BANDAR LAMPUNG, Tapis Media -
DPRD Provinsi Lampung kembali menjadi sorotan. Dalam rapat paripurna yang digelar, Jumat (17/7/2026), hanya 28 dari total 85 anggota DPRD yang hadir langsung di ruang sidang.
Sisanya tidak tampak di lokasi, sementara sebagian mengikuti rapat secara virtual melalui aplikasi Zoom.
Berdasarkan pantauan Kupastuntas.co hingga pukul 14.30 WIB, jumlah anggota yang hadir secara fisik hanya sekitar 32,9 persen dari total anggota DPRD.
Dari 28 orang tersebut, tiga di antaranya merupakan unsur pimpinan DPRD, sedangkan 25 lainnya adalah anggota dewan.

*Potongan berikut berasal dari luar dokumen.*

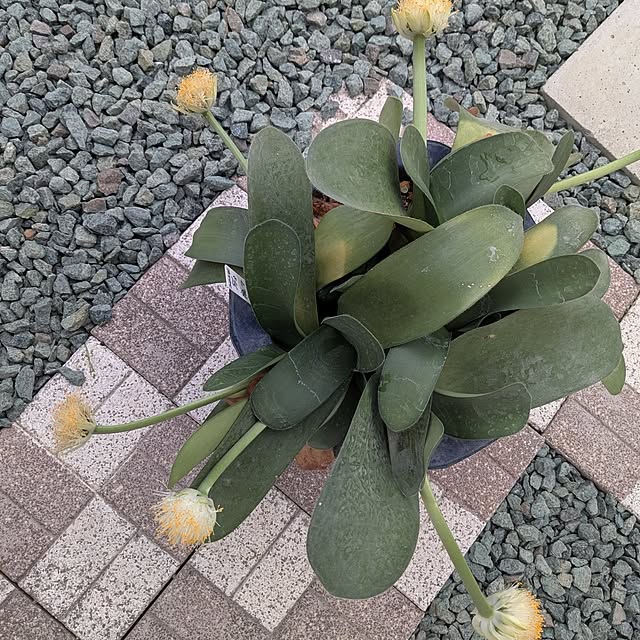 machikomamaさんの実例写真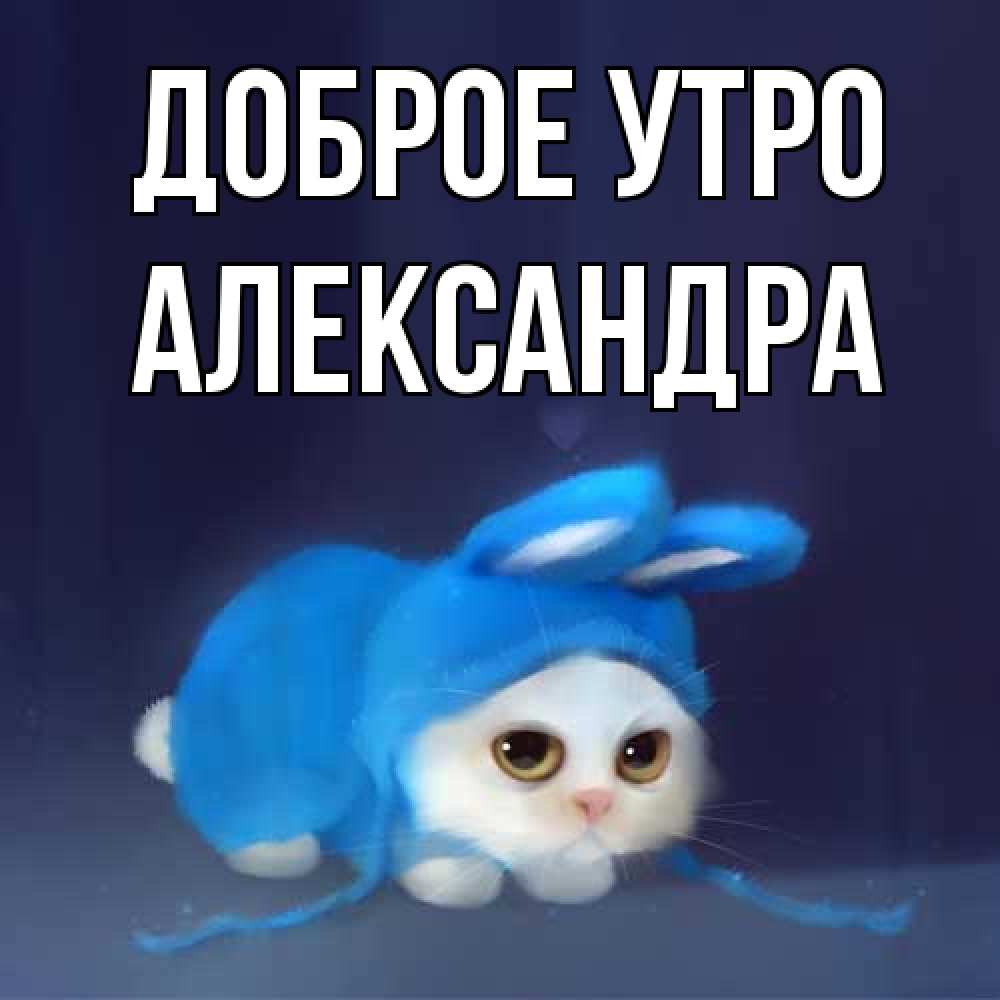 Открытка на каждый день с именем, Александра Доброе утро открытки красивые скачать бесплатно Прикольная открытка с пожеланием онлайн скачать бесплатно 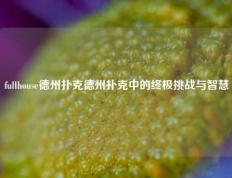 fullhouse德州扑克德州扑克中的终极挑战与智慧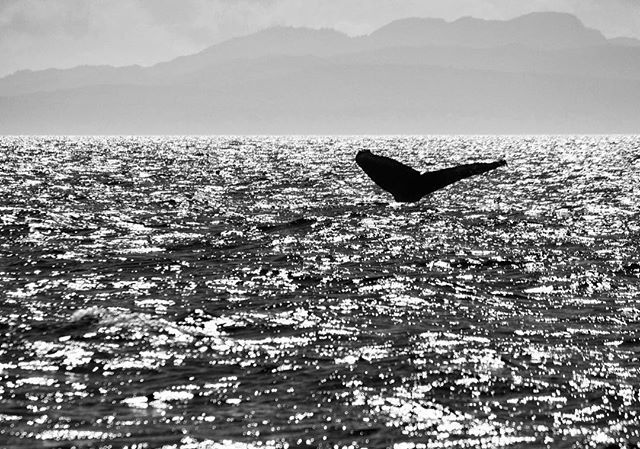 photizzle's tweet image. Got to hang out with some gentle giants today with @eaglewingtours.  #victoria #humback
🐋
#travelbc #travel #fujifilm #xt2 #fujifilm_northamerica #myfujifilm #clouds #britishcolumbia  #ocean #whales #tourismvictoriabc #natgeo #beautifulbc #yvr #vsco … ift.tt/2C63iOo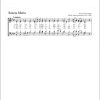 Johann Schweitzer: Sancta Maria (SATB)
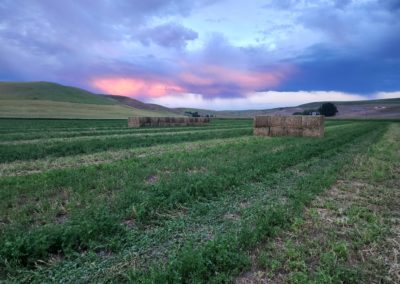 Haying in Storm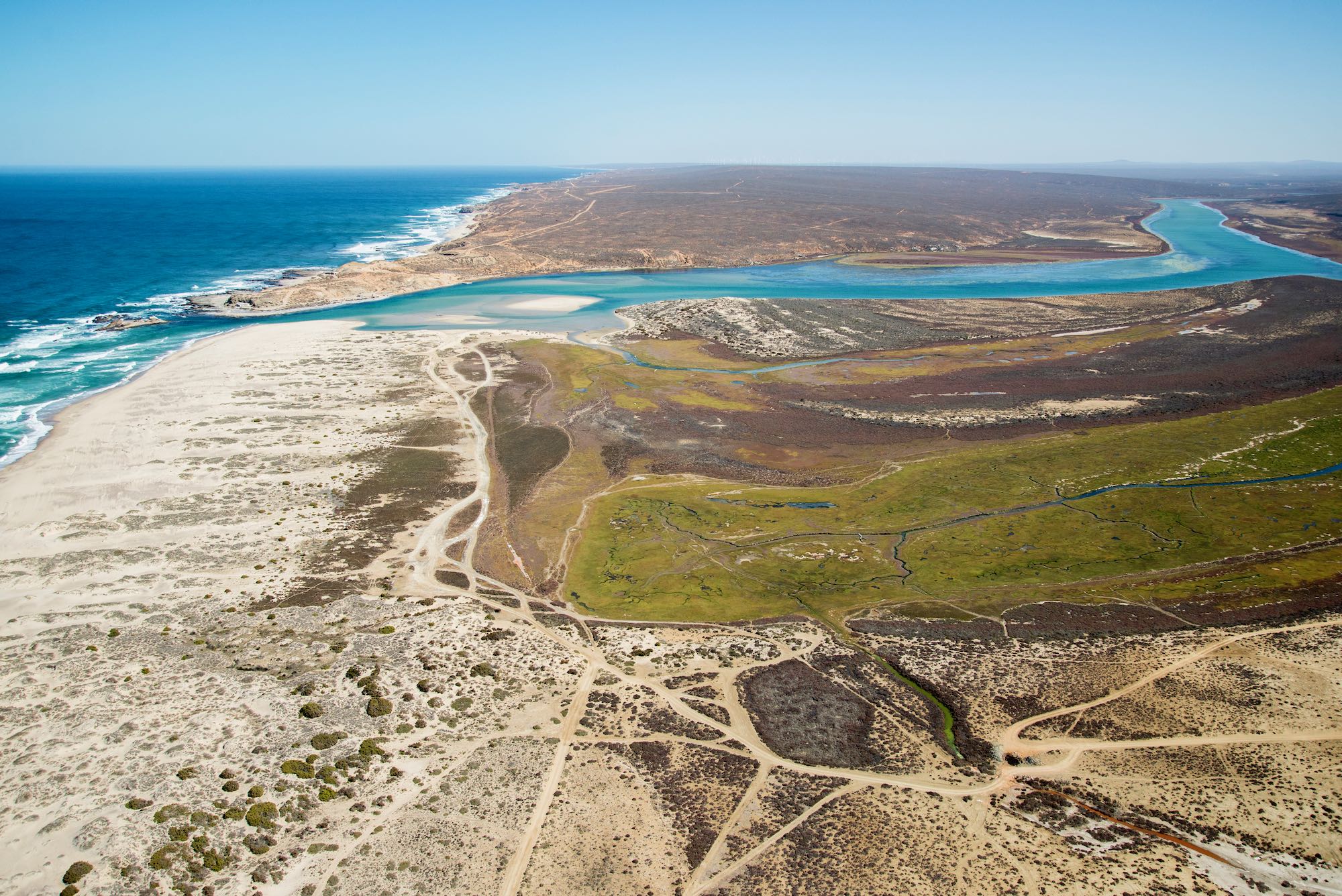 West Coast diamond mining — environmentalists hail 11th-hour out-of-court settlement protecting biodiversity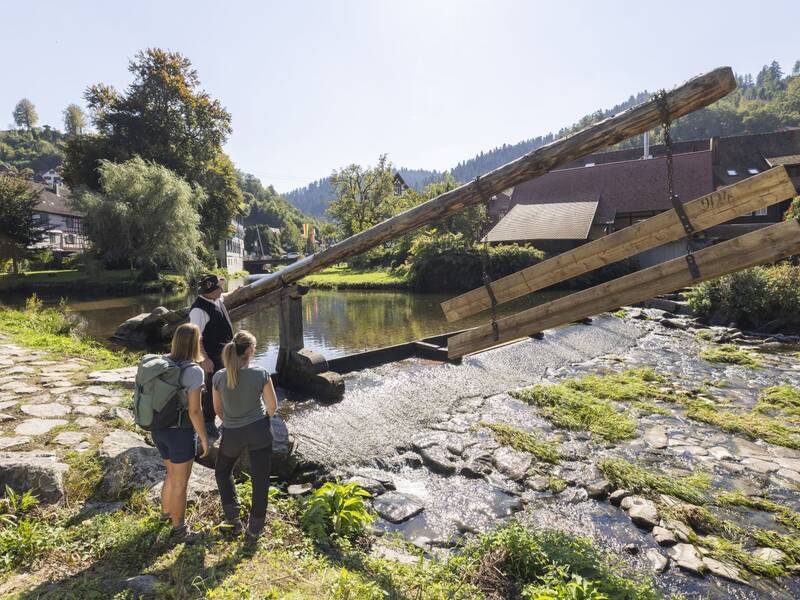 Drei Personen stehen an einem Gamber am Ufer der Kinzig in Schiltach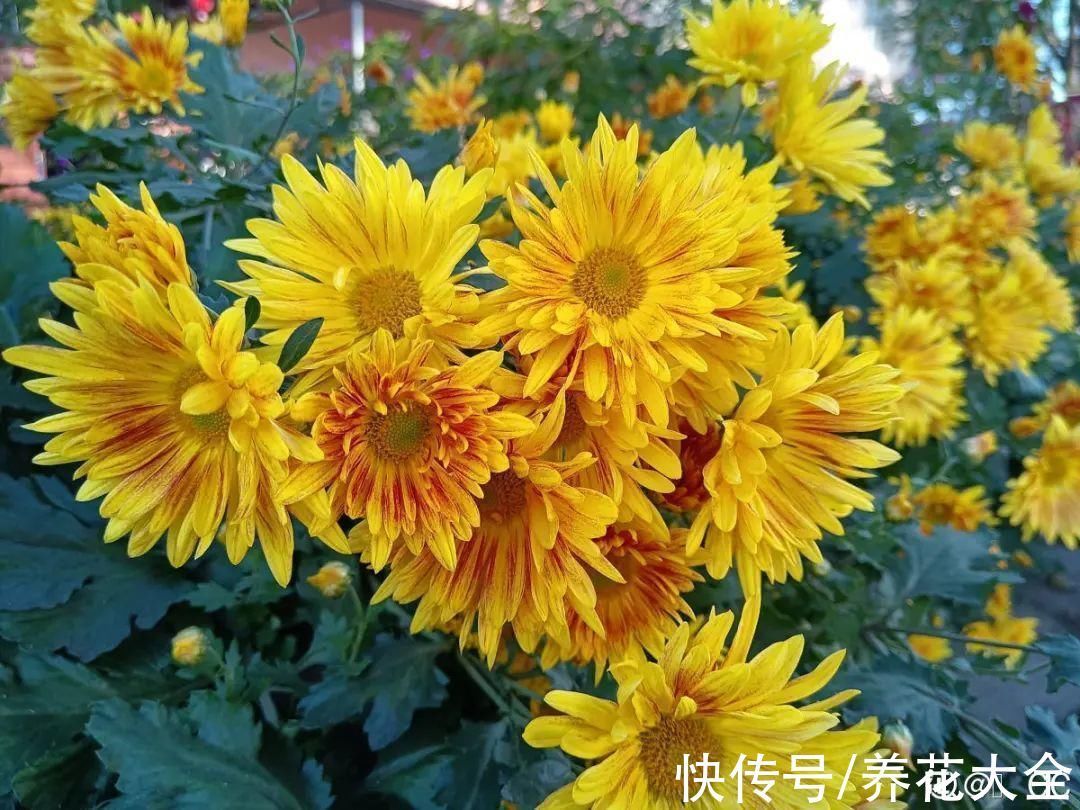 叶子|冬天扦插,最简单的方法学起来,这6种花都能生根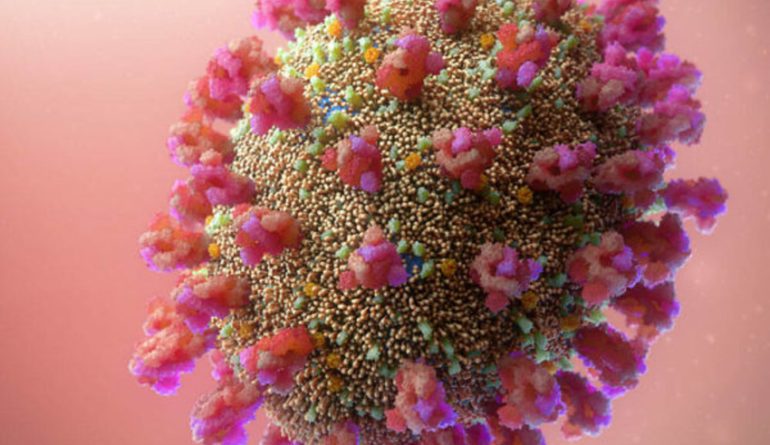 As per new reports, the new strain of delta variant is not more infectious than the other strains of covid, ani cited nrk broadcaster report citing the norwegian institute of public health (niph). What is the Delta plus variant? - Buzztaboo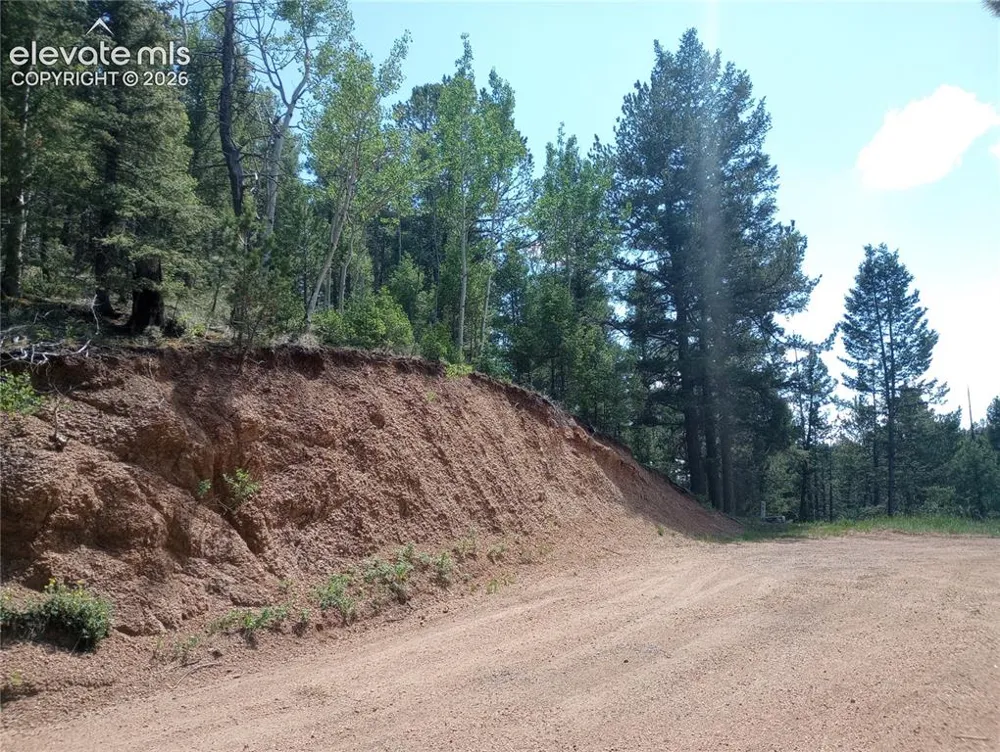 138 Glenwood Lane Woodland Park, CO 80863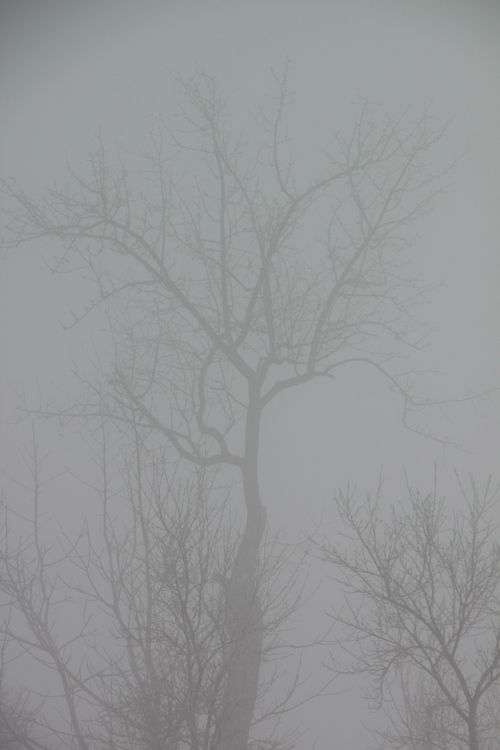 cold fog mist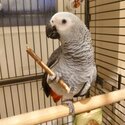 Silly - tame African Grey Talking Parrots-0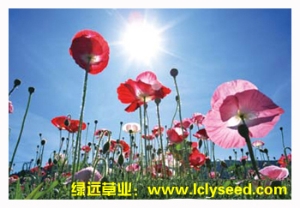 楼兰春梦（组合品种）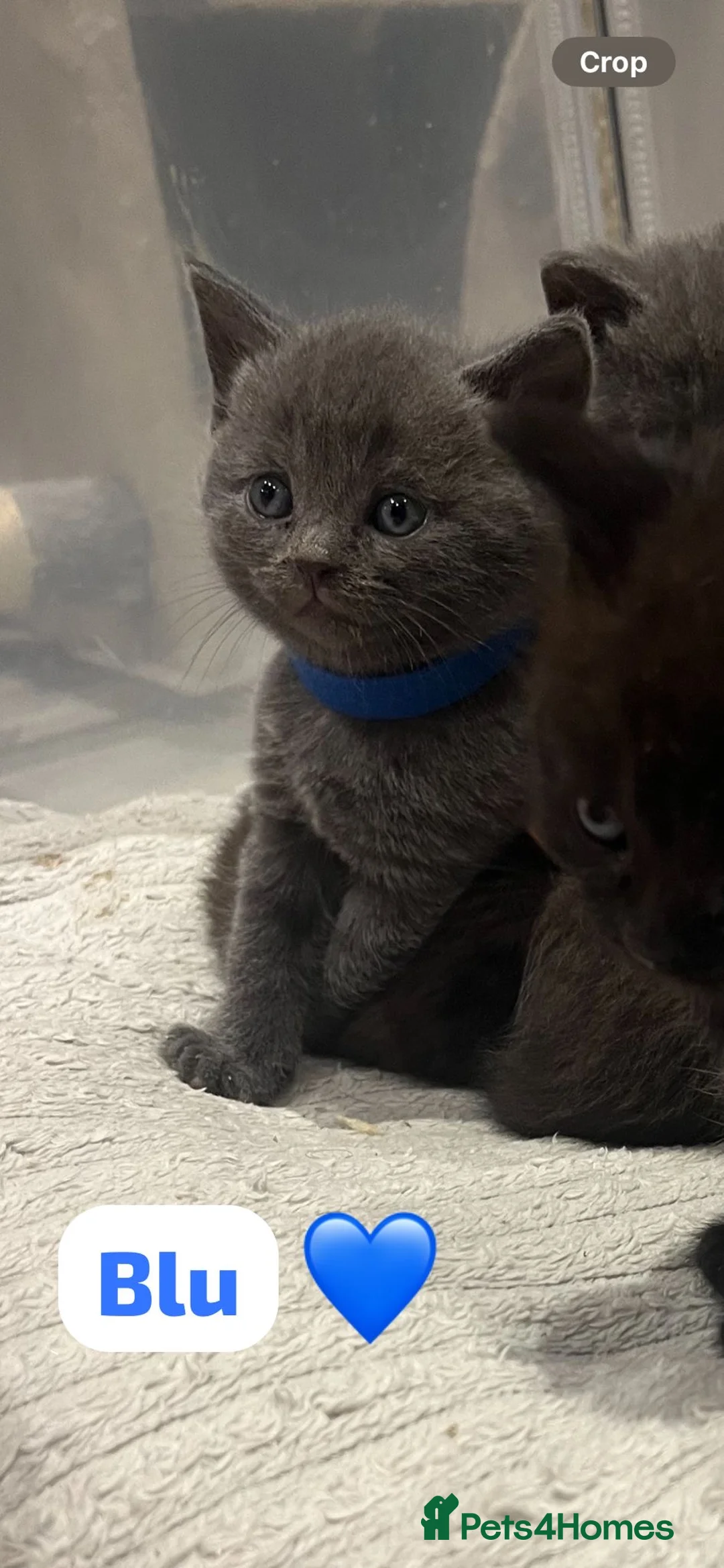 British Shorthair cats for sale: Beautiful British shorthair cross kittens🩵🩷 - Advert 11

Sementara itu, lebih dari 18 anggota mengikuti jalannya rapat secara daring, sedangkan puluhan anggota lainnya tidak terlihat hadir baik secara langsung maupun virtual.
Rapat paripurna yang berlangsung di Ruang Sidang DPRD Provinsi Lampung dipimpin Ketua DPRD Lampung Ahmad Giri Akbar didampingi Wakil Ketua III Maulidah Zauroh dan Wakil Ketua IV Naldi Rinara.
Agenda rapat merupakan lanjutan Pembicaraan Tingkat I berupa penyampaian pemandangan umum fraksi-fraksi terhadap Rancangan Peraturan Daerah (Raperda) tentang Pertanggungjawaban Pelaksanaan APBD Provinsi Lampung Tahun Anggaran 2025. Dari pihak Pemprov Lampung, rapat dihadiri Sekretaris Daerah Marindo Kurniawan.
Minimnya kehadiran fisik anggota legislatif dalam forum paripurna kembali memunculkan kritik terhadap kebijakan yang masih memperbolehkan anggota mengikuti rapat secara daring.
Mekanisme tersebut dinilai membuat kursi-kursi rapat paripurna kerap tampak kosong meski secara administratif rapat tetap memenuhi ketentuan kuorum.
Ketua Fraksi PDI Perjuangan DPRD Provinsi Lampung, AM Syafi'i, menilai aturan kehadiran melalui Zoom merupakan kebijakan yang diberlakukan saat pandemi Covid-19 dan sudah tidak lagi sesuai dengan kondisi saat ini.
"Ketidakhadiran fisik anggota DPRD dalam rapat paripurna selama ini dibolehkan karena ada aturan yang dibuat saat pandemi Covid-19, sehingga kehadiran melalui Zoom masih dianggap memenuhi ketentuan. Tetapi menurut saya, aturan itu sudah tidak lagi relevan dan perlu dievaluasi, bahkan dicabut," kata Syafi'i.
Menurutnya, rapat paripurna merupakan forum resmi tertinggi di DPRD sehingga semestinya dihadiri langsung oleh seluruh anggota dewan sebagai bentuk tanggung jawab terhadap amanah masyarakat.
Kehadiran fisik juga dinilai penting sebagai bentuk penghormatan kepada tamu undangan yang hadir, seperti unsur Forum Koordinasi Pimpinan Daerah (Forkopimda), kepala organisasi perangkat daerah (OPD), serta berbagai pihak lainnya.
Sebagai bentuk komitmen, Syafi'i menyebutkan Fraksi PDI Perjuangan telah menginstruksikan seluruh anggotanya untuk menghadiri setiap rapat paripurna secara langsung. Bahkan, fraksinya telah menerbitkan surat resmi yang mewajibkan seluruh anggota hadir secara fisik dalam agenda-agenda paripurna DPRD.
"Fraksi PDI Perjuangan sudah mengirimkan surat kepada seluruh anggota fraksi agar hadir secara fisik dalam setiap rapat paripurna. Ini merupakan bentuk penghormatan kepada forum paripurna dan kepada para undangan, termasuk Forkopimda," ujarnya.
Syafi'i menginginkan DPRD Provinsi Lampung segera mengevaluasi tata tertib mengenai kehadiran anggota dalam rapat paripurna.
Menurutnya, forum pengambilan keputusan tertinggi di lembaga legislatif tidak cukup hanya memenuhi kuorum secara administratif, tetapi juga harus mencerminkan kedisiplinan, akuntabilitas, dan keseriusan anggota dewan dalam menjalankan fungsi representasi masyarakat.